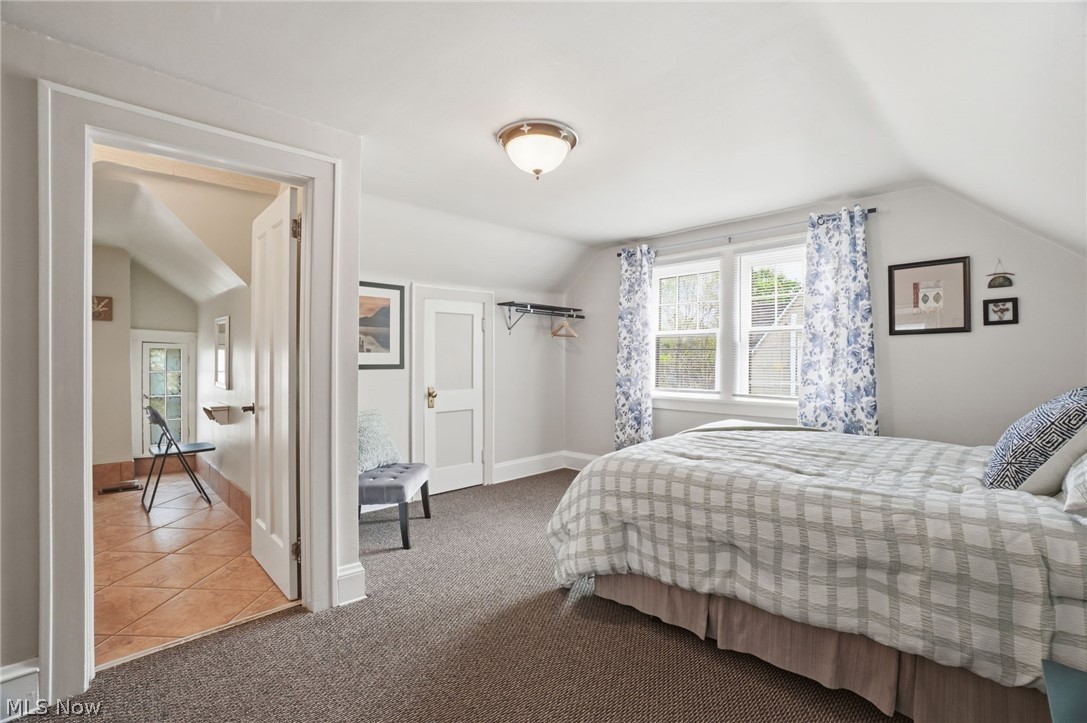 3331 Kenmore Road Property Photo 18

== == ==

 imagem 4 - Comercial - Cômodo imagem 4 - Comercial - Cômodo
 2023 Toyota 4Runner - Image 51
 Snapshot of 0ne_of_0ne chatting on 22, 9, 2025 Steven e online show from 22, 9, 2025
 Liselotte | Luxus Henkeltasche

== == ==

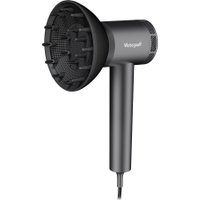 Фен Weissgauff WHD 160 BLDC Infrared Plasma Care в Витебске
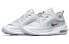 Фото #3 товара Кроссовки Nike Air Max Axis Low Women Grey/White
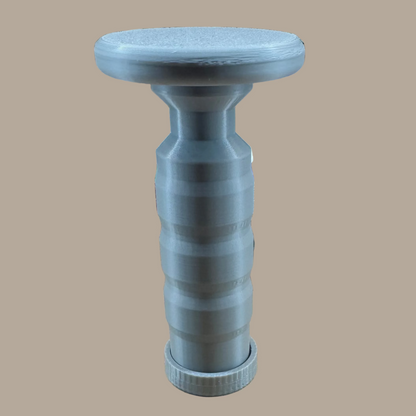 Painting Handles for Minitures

== == ==

### [Task goal]
Both the line containing "Фен Weissgauff WHD" and the line containing "Painting Handles for Minitures" above belong in the output, as do the lines between them. Print them exactly, without pictures.

### [Response box]
 Фен Weissgauff WHD 160 BLDC Infrared Plasma Care в Витебске
 Фото #3 товара Кроссовки Nike Air Max Axis Low Women Grey/White
 Painting Handles for Minitures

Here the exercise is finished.